Now I've got FUSE embedded in the program and I've managed to extract the filesystem out of the application data into a temporary file so that FUSE can mount / use it.

The problem I have now is writing the temporary file back into the application file. I get "Text file busy" presumably because the application has locked itself and won't let writes occur.

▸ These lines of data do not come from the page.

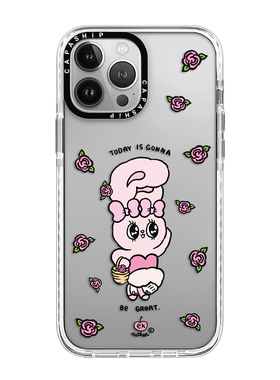 CASE适用苹果15iPhone14plus16亚克力13promaxMagsafe17磁吸可爱大眼兔手机壳12防摔11新款高级感保护套ti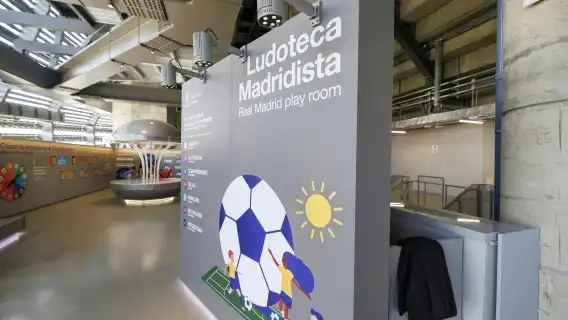 Immersive Experience Madrid Bernabéu Stadium Tour Real Madrid Home E admission ticket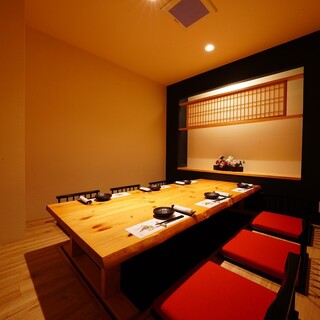 様々な個室(お部屋)をご用意しております。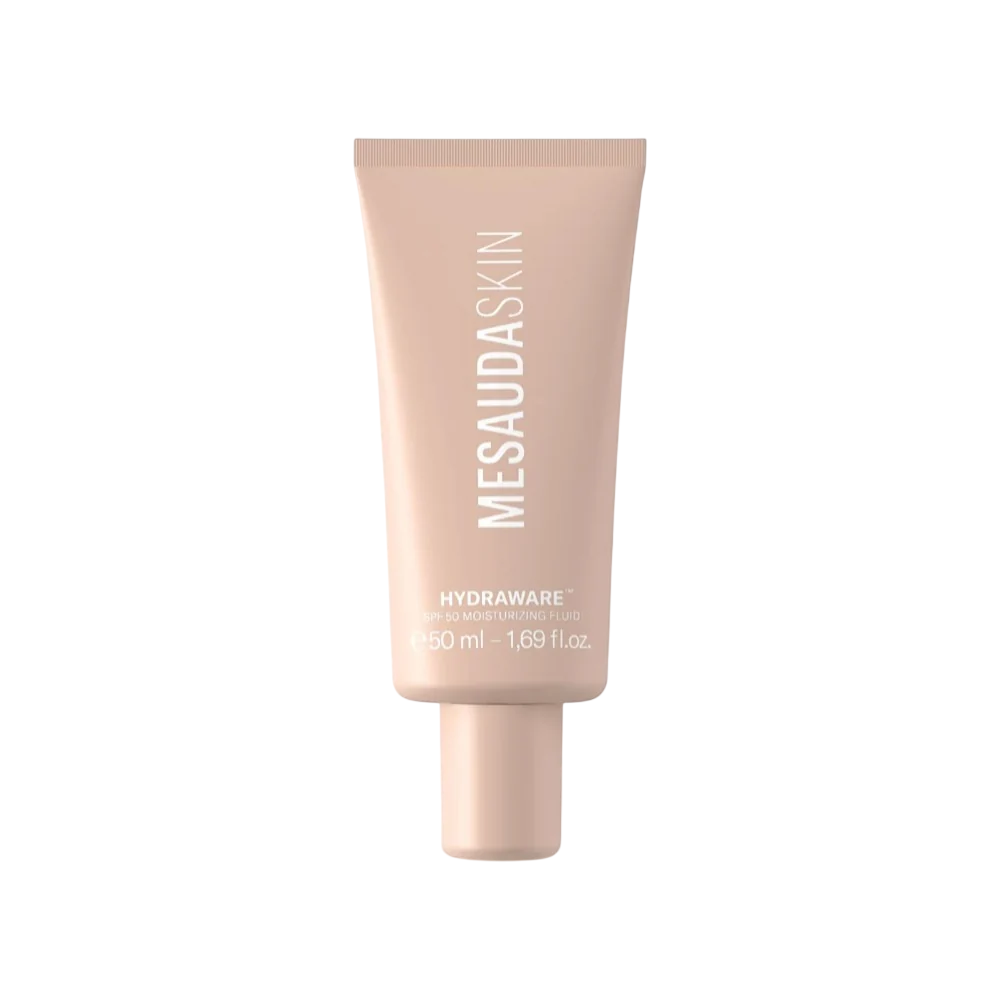 Mesauda, Hydraware, Hydratisierend, Flüssigkeit, Für das Gesicht, SPF 50, 50 ml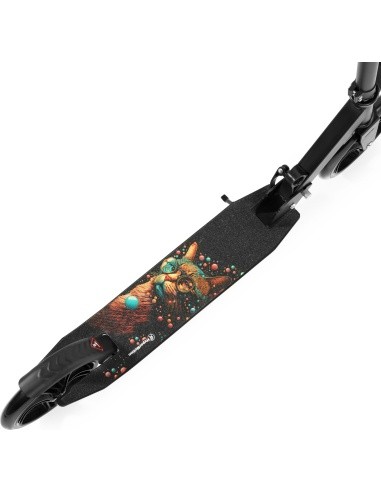 Paspirtukas HyperMotion Vibe black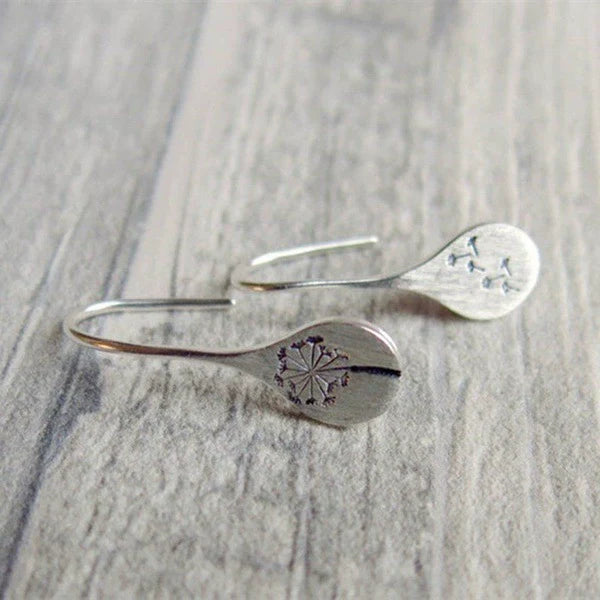 Just lil things Dandelion drop Earrings  jlt12251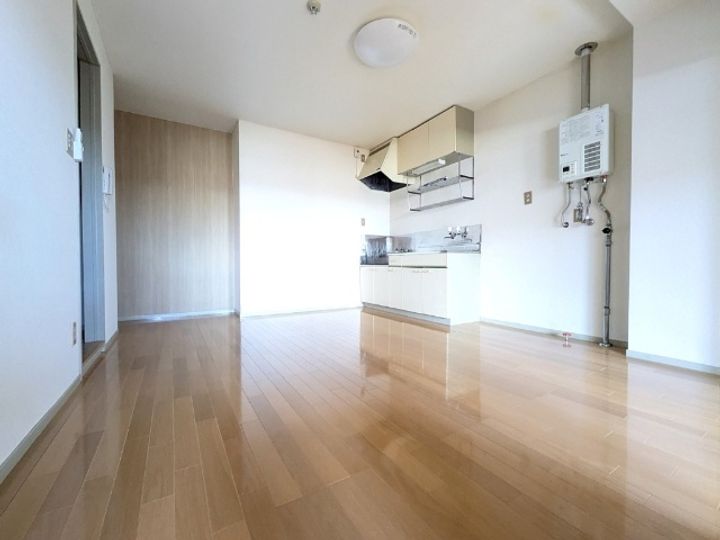 アベニューF1のキッチン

Is there a way I can force the file to become unlocked so I can write data to it? (It's important to note that I'm not changing the application binary area - just rewriting the ext2 component.) It needs to be unlocked without requiring root permissions (unlocked by the same user who started the application).

A: 

What I would do:

  1. Launch AppFS
  2. Extract only the executable part into a file (without the FS)
  3. Run the extracted executable giving as parameter the original executable (with FS attached)
  4. Modify the original executable from the extracted program (no problems - the executable is no longer running)
  5. Self delete the extracted program when exiting

What you need to do:

  1. Modify the AppFS application to make it do steps 2, 3, 4 and 5 from the previous enumeration.

I don't see any other way for doing this. This architecture resembles the architecture of a SFX.

Iulian Şerbănoiu
Actually the AppFS application runs a FUSE filesystem, so it can't be stopped. Nevertheless I have solved my own problem and will attach the solution below/above.
Hach-Que
+1  A: 

The solution to this problem was to rename the existing application name (to a location within a temporary directory) and to then move the new (generated) file back in it's place and apply the same umask / uid / gid that the old one had. Once it's moved, you can safely just unlink the running executable.

It's a bit of a hacky workaround (I especially don't like the fact that the application is entirely removed and replaced), but it works.